Una seconda questione è se lo sviluppo proceda per passaggi rapidi e improvvisi o per cambiamenti graduali. Molti sono gli esempi di passaggi rapidi (capacità riproduttiva nella pubertà), moltissimi quelli lenti (linguaggio, competenze sociali): viene considerata la possibilità di coesistenza integrata fra funzioni che si sviluppano rapidamente e quelle invece che lo fanno lentamente. Un terzo punto di dibattito riguarda l’ipotesi secondo cui un nuovo elemento evolutivo cancella gli effetti dei precedenti. Se un comportamento precoce cessa di manifestarsi non è detto sia perduto per sempre. Molti sono gli esempi del riemergere di tali comportamenti nel caso di danni cerebrali o di mutamento di ambiente.
Come ha osservato Hinde, l’attacco di Kagan ai concetti di continuità e concatenamento ha sopravvalutato la discontinuità dello sviluppo: esso costituisce tuttavia un correttivo necessario e utile alle precedenti e fuorvianti convinzioni che presumevano la mancanza di riorganizzazioni radicali che costringevano in un determinismo ottuso le capacità dell’individuo di modificare il suo percorso di vita.

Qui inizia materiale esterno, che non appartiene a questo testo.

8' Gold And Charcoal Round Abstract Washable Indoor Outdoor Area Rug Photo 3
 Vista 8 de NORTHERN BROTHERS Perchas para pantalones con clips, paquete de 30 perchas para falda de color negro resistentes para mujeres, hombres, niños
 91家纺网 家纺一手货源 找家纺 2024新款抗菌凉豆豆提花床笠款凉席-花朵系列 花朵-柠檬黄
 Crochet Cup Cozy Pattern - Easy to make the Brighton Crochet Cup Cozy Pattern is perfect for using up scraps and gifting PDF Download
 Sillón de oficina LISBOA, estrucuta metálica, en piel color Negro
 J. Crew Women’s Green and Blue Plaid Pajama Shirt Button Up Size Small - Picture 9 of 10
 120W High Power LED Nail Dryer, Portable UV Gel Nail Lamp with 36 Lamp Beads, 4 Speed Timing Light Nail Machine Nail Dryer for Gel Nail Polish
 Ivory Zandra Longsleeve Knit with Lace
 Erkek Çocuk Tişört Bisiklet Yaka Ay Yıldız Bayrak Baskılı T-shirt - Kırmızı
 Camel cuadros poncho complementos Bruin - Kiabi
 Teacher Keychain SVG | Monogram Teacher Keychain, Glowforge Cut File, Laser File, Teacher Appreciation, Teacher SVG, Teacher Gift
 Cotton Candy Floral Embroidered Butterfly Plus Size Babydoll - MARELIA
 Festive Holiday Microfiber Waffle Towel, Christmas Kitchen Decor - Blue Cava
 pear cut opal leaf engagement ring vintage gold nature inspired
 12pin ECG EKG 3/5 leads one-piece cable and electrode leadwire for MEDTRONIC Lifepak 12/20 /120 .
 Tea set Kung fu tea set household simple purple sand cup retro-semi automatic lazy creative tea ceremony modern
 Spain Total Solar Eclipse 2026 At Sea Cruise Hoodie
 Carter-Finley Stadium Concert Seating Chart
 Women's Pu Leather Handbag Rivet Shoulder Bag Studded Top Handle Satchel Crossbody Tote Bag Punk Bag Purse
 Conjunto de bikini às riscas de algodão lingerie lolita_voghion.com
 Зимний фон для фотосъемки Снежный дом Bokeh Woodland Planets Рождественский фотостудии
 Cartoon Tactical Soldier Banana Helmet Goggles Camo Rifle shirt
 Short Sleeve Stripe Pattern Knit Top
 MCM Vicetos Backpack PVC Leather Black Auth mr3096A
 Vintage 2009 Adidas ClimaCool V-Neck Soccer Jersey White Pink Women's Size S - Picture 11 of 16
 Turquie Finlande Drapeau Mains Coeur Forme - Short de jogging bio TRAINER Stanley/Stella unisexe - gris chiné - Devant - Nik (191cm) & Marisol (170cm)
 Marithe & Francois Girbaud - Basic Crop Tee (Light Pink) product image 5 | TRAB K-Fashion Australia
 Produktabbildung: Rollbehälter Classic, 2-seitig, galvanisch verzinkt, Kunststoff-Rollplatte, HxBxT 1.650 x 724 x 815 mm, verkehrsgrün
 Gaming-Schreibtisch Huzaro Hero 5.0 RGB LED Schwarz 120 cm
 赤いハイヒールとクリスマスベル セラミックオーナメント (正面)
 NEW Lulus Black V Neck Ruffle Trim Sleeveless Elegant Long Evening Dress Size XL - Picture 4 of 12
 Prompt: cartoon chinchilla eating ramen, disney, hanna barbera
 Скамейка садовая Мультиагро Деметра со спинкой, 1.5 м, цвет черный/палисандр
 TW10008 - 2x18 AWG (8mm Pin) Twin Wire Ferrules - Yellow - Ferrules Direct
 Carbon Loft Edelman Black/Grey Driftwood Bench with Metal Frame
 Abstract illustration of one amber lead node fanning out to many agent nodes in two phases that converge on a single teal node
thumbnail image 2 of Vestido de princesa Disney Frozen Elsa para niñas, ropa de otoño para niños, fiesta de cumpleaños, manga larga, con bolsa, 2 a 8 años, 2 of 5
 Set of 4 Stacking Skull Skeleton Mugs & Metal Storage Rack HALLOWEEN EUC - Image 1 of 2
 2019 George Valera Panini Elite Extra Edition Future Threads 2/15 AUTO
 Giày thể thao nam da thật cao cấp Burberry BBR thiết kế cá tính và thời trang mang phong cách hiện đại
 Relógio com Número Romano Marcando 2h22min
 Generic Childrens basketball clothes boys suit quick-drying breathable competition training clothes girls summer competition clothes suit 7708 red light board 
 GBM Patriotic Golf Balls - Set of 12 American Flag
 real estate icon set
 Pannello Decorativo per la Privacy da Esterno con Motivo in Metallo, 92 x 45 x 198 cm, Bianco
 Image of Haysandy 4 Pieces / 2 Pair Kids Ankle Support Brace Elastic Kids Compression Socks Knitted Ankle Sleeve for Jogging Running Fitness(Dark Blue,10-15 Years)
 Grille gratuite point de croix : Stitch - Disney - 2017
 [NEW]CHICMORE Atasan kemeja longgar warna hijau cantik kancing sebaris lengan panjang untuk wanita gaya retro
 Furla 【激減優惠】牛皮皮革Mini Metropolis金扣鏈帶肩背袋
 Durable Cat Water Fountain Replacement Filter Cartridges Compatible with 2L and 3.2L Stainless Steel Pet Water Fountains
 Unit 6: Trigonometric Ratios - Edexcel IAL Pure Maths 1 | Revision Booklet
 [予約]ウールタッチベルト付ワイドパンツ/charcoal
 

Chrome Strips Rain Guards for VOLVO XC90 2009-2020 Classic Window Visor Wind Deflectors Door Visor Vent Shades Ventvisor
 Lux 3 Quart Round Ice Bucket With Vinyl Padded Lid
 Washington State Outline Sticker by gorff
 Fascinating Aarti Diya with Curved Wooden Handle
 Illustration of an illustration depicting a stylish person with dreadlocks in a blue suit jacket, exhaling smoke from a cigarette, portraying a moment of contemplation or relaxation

Come afferma Sameroff le teorie dello sviluppo differiscono nell’enfasi che mettono sui contributi al successivo comportamento dovuti alle caratteristiche della persona ed alle caratteristiche dell’ambiente. L’importanza della natura e dell’educazione per lo sviluppo può essere considerata sotto due aspetti. Il primo è se esse diano o meno un contributo, e il secondo se questi contributi siano di tipo attivo o passivo. Riegel ha collocato i modelli di sviluppo in quattro categorie che riflettono diverse combinazioni di persone e ambienti attivi e passivi. Nella categoria “persona passiva-ambiente passivo” ha collocato le teorie meccanicistiche di Loke e Hume: questo modello è stato la base delle teorie dell’apprendimento nelle quali fattori come la continuità degli stimoli o il loro essere recenti, o la loro frequenza determinano il modo in cui esse saranno codificati nella menti che li riceve. In una seconda categoria, la persona passiva è combinata con un ambiente attivo. Qui si trovano gli approcci di Skinner alla modificazione del comportamento, nei quali la persona che opera il condizionamento struttura attivamente l’input per modificare il comportamento dell’individuo in determinate direzioni, ma si presume che la persona non contribuisca al risultato indipendentemente dall’esperienza. I programmi comportamentali per la modificazione dei problemi infantili rientrano in questa categoria.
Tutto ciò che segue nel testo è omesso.